- WHAT IS BEING ASKED -
The full listing, excluding its pictures, should be printed exactly as it stands.

- RECORDS TO USE -

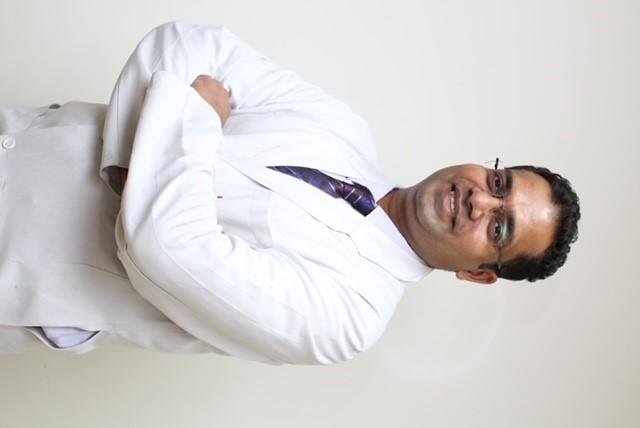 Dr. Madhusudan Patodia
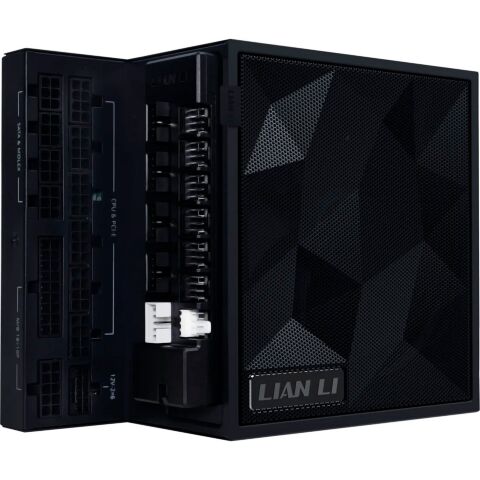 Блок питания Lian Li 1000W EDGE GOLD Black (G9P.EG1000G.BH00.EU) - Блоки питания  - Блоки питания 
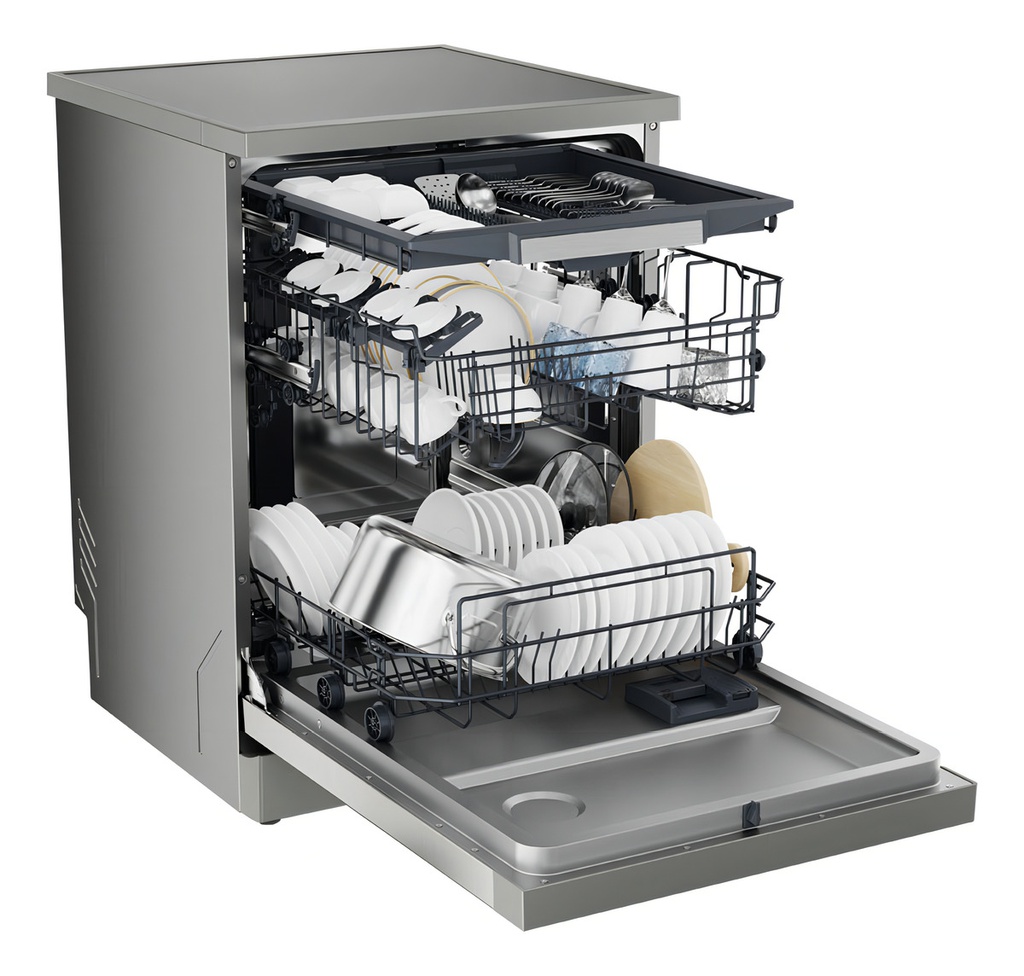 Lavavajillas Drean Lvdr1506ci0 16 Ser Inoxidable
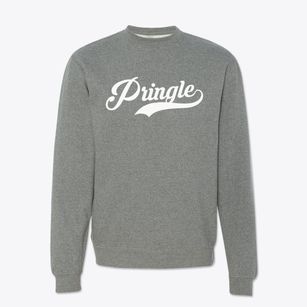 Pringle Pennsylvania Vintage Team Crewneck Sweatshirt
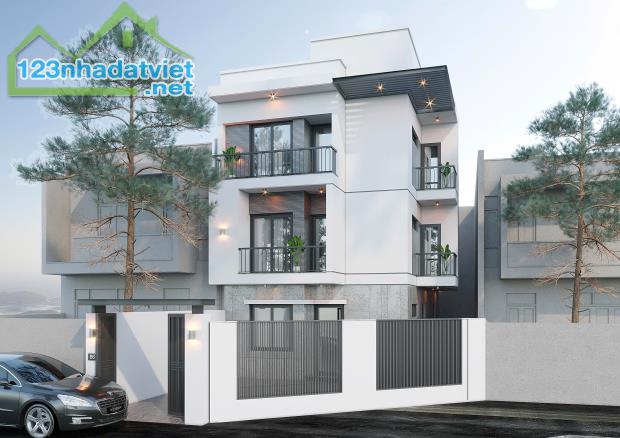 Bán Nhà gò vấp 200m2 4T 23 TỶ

- TASK OUTPUT -
 Dr. Madhusudan Patodia
 Блок питания Lian Li 1000W EDGE GOLD Black (G9P.EG1000G.BH00.EU) - Блоки питания  - Блоки питания 
 Lavavajillas Drean Lvdr1506ci0 16 Ser Inoxidable
 Pringle Pennsylvania Vintage Team Crewneck Sweatshirt
 Bán Nhà gò vấp 200m2 4T 23 TỶ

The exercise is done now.